Type out the data exactly as given. Skip any image.

» The data
******************************

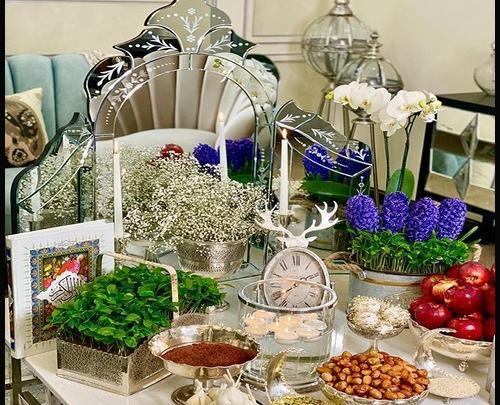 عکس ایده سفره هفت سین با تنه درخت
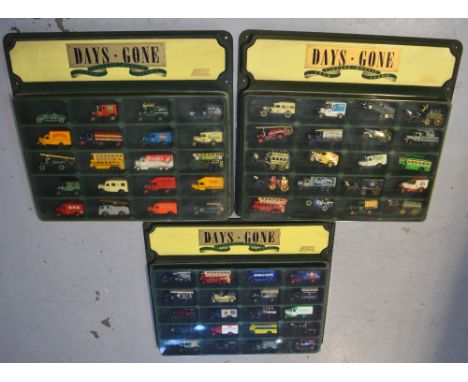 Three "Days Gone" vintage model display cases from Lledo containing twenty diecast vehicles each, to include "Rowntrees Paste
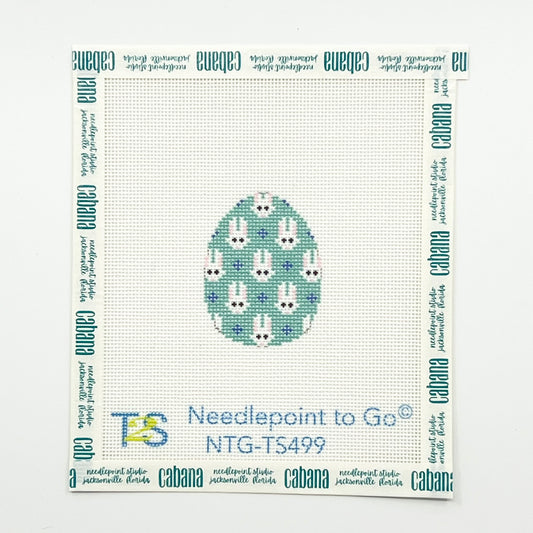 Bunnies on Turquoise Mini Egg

******************************

» Task answer
 عکس ایده سفره هفت سین با تنه درخت
 Three "Days Gone" vintage model display cases from Lledo containing twenty diecast vehicles each, to include "Rowntrees Paste
 Bunnies on Turquoise Mini Egg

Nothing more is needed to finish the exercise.